Problem description:
Restate the entries below verbatim.

Input data:
┌──

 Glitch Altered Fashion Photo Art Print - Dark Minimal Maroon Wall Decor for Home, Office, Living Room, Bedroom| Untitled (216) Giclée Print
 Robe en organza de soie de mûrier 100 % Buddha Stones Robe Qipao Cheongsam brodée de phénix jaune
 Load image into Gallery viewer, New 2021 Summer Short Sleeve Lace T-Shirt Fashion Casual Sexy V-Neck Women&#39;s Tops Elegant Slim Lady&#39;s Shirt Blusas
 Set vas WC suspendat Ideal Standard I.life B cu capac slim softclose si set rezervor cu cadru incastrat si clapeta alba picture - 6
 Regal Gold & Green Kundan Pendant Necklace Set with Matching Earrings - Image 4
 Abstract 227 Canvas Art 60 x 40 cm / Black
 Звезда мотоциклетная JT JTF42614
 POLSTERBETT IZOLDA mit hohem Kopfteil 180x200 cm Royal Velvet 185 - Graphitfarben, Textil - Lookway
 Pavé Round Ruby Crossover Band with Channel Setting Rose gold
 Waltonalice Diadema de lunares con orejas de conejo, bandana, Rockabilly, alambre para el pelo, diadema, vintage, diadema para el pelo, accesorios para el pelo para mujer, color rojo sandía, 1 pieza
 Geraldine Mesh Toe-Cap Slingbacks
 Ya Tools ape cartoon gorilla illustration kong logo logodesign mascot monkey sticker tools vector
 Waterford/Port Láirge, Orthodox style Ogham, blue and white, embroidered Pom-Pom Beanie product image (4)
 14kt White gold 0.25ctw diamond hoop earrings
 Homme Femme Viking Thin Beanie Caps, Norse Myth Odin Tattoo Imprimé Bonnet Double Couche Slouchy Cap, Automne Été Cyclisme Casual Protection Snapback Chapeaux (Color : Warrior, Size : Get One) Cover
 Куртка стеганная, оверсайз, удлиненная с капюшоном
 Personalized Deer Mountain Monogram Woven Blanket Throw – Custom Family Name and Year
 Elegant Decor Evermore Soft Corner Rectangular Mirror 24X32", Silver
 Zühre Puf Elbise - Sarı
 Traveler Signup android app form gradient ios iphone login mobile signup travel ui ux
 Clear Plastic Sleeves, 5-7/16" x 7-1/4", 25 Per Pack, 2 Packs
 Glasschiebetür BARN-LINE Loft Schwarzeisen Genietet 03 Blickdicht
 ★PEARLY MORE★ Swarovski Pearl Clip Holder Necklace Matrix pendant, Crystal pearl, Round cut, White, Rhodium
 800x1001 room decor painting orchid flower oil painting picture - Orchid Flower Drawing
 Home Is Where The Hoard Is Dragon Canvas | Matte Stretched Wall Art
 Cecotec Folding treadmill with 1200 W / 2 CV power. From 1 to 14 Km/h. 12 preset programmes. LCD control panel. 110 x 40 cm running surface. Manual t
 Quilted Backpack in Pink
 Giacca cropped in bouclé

└──

Task output:
 Glitch Altered Fashion Photo Art Print - Dark Minimal Maroon Wall Decor for Home, Office, Living Room, Bedroom| Untitled (216) Giclée Print
 Robe en organza de soie de mûrier 100 % Buddha Stones Robe Qipao Cheongsam brodée de phénix jaune
 Load image into Gallery viewer, New 2021 Summer Short Sleeve Lace T-Shirt Fashion Casual Sexy V-Neck Women&#39;s Tops Elegant Slim Lady&#39;s Shirt Blusas
 Set vas WC suspendat Ideal Standard I.life B cu capac slim softclose si set rezervor cu cadru incastrat si clapeta alba picture - 6
 Regal Gold & Green Kundan Pendant Necklace Set with Matching Earrings - Image 4
 Abstract 227 Canvas Art 60 x 40 cm / Black
 Звезда мотоциклетная JT JTF42614
 POLSTERBETT IZOLDA mit hohem Kopfteil 180x200 cm Royal Velvet 185 - Graphitfarben, Textil - Lookway
 Pavé Round Ruby Crossover Band with Channel Setting Rose gold
 Waltonalice Diadema de lunares con orejas de conejo, bandana, Rockabilly, alambre para el pelo, diadema, vintage, diadema para el pelo, accesorios para el pelo para mujer, color rojo sandía, 1 pieza
 Geraldine Mesh Toe-Cap Slingbacks
 Ya Tools ape cartoon gorilla illustration kong logo logodesign mascot monkey sticker tools vector
 Waterford/Port Láirge, Orthodox style Ogham, blue and white, embroidered Pom-Pom Beanie product image (4)
 14kt White gold 0.25ctw diamond hoop earrings
 Homme Femme Viking Thin Beanie Caps, Norse Myth Odin Tattoo Imprimé Bonnet Double Couche Slouchy Cap, Automne Été Cyclisme Casual Protection Snapback Chapeaux (Color : Warrior, Size : Get One) Cover
 Куртка стеганная, оверсайз, удлиненная с капюшоном
 Personalized Deer Mountain Monogram Woven Blanket Throw – Custom Family Name and Year
 Elegant Decor Evermore Soft Corner Rectangular Mirror 24X32", Silver
 Zühre Puf Elbise - Sarı
 Traveler Signup android app form gradient ios iphone login mobile signup travel ui ux
 Clear Plastic Sleeves, 5-7/16" x 7-1/4", 25 Per Pack, 2 Packs
 Glasschiebetür BARN-LINE Loft Schwarzeisen Genietet 03 Blickdicht
 ★PEARLY MORE★ Swarovski Pearl Clip Holder Necklace Matrix pendant, Crystal pearl, Round cut, White, Rhodium
 800x1001 room decor painting orchid flower oil painting picture - Orchid Flower Drawing
 Home Is Where The Hoard Is Dragon Canvas | Matte Stretched Wall Art
 Cecotec Folding treadmill with 1200 W / 2 CV power. From 1 to 14 Km/h. 12 preset programmes. LCD control panel. 110 x 40 cm running surface. Manual t
 Quilted Backpack in Pink
 Giacca cropped in bouclé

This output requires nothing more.